(RAW DATA Opens)
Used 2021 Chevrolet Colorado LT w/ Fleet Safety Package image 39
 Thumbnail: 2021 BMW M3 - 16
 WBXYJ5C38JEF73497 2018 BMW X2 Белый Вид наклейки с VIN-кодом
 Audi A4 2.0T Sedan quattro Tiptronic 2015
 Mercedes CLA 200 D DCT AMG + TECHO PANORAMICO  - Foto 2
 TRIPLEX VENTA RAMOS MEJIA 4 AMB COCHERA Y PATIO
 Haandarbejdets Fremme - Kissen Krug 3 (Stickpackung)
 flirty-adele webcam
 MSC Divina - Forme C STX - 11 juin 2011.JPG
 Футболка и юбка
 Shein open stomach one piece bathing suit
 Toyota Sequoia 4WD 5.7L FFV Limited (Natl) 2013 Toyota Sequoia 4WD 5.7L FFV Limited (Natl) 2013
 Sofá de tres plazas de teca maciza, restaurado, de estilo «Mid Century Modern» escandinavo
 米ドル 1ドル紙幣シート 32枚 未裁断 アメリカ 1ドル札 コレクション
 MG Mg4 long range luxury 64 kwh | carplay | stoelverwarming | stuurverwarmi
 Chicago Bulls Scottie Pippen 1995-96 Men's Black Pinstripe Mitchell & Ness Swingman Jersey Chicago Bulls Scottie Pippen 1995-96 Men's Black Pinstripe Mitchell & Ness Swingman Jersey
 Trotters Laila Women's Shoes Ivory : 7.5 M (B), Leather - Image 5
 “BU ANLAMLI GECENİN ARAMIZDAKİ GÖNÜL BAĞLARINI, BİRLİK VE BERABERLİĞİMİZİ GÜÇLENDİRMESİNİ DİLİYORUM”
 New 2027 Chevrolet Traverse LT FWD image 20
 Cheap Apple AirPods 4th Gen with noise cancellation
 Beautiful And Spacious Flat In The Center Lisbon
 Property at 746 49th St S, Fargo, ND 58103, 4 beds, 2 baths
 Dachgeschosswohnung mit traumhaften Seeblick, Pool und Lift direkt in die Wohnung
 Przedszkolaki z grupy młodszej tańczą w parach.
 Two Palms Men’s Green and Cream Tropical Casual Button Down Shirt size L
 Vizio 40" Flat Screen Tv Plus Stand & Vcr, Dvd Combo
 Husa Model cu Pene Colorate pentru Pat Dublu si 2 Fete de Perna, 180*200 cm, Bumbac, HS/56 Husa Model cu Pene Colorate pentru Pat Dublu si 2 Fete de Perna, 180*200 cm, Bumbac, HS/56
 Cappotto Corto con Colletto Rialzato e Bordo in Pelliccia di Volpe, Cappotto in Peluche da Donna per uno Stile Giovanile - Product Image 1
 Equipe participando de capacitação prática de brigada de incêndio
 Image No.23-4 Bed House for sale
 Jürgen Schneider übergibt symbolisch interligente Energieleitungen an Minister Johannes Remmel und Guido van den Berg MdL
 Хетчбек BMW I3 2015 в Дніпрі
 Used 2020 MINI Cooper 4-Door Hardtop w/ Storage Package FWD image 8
(RAW DATA Closes)
_BRIEF:_
Each entry above needs to be output exactly.

_ANSWER BOX:_
Used 2021 Chevrolet Colorado LT w/ Fleet Safety Package image 39
 Thumbnail: 2021 BMW M3 - 16
 WBXYJ5C38JEF73497 2018 BMW X2 Белый Вид наклейки с VIN-кодом
 Audi A4 2.0T Sedan quattro Tiptronic 2015
 Mercedes CLA 200 D DCT AMG + TECHO PANORAMICO  - Foto 2
 TRIPLEX VENTA RAMOS MEJIA 4 AMB COCHERA Y PATIO
 Haandarbejdets Fremme - Kissen Krug 3 (Stickpackung)
 flirty-adele webcam
 MSC Divina - Forme C STX - 11 juin 2011.JPG
 Футболка и юбка
 Shein open stomach one piece bathing suit
 Toyota Sequoia 4WD 5.7L FFV Limited (Natl) 2013 Toyota Sequoia 4WD 5.7L FFV Limited (Natl) 2013
 Sofá de tres plazas de teca maciza, restaurado, de estilo «Mid Century Modern» escandinavo
 米ドル 1ドル紙幣シート 32枚 未裁断 アメリカ 1ドル札 コレクション
 MG Mg4 long range luxury 64 kwh | carplay | stoelverwarming | stuurverwarmi
 Chicago Bulls Scottie Pippen 1995-96 Men's Black Pinstripe Mitchell & Ness Swingman Jersey Chicago Bulls Scottie Pippen 1995-96 Men's Black Pinstripe Mitchell & Ness Swingman Jersey
 Trotters Laila Women's Shoes Ivory : 7.5 M (B), Leather - Image 5
 “BU ANLAMLI GECENİN ARAMIZDAKİ GÖNÜL BAĞLARINI, BİRLİK VE BERABERLİĞİMİZİ GÜÇLENDİRMESİNİ DİLİYORUM”
 New 2027 Chevrolet Traverse LT FWD image 20
 Cheap Apple AirPods 4th Gen with noise cancellation
 Beautiful And Spacious Flat In The Center Lisbon
 Property at 746 49th St S, Fargo, ND 58103, 4 beds, 2 baths
 Dachgeschosswohnung mit traumhaften Seeblick, Pool und Lift direkt in die Wohnung
 Przedszkolaki z grupy młodszej tańczą w parach.
 Two Palms Men’s Green and Cream Tropical Casual Button Down Shirt size L
 Vizio 40" Flat Screen Tv Plus Stand & Vcr, Dvd Combo
 Husa Model cu Pene Colorate pentru Pat Dublu si 2 Fete de Perna, 180*200 cm, Bumbac, HS/56 Husa Model cu Pene Colorate pentru Pat Dublu si 2 Fete de Perna, 180*200 cm, Bumbac, HS/56
 Cappotto Corto con Colletto Rialzato e Bordo in Pelliccia di Volpe, Cappotto in Peluche da Donna per uno Stile Giovanile - Product Image 1
 Equipe participando de capacitação prática de brigada de incêndio
 Image No.23-4 Bed House for sale
 Jürgen Schneider übergibt symbolisch interligente Energieleitungen an Minister Johannes Remmel und Guido van den Berg MdL
 Хетчбек BMW I3 2015 в Дніпрі
 Used 2020 MINI Cooper 4-Door Hardtop w/ Storage Package FWD image 8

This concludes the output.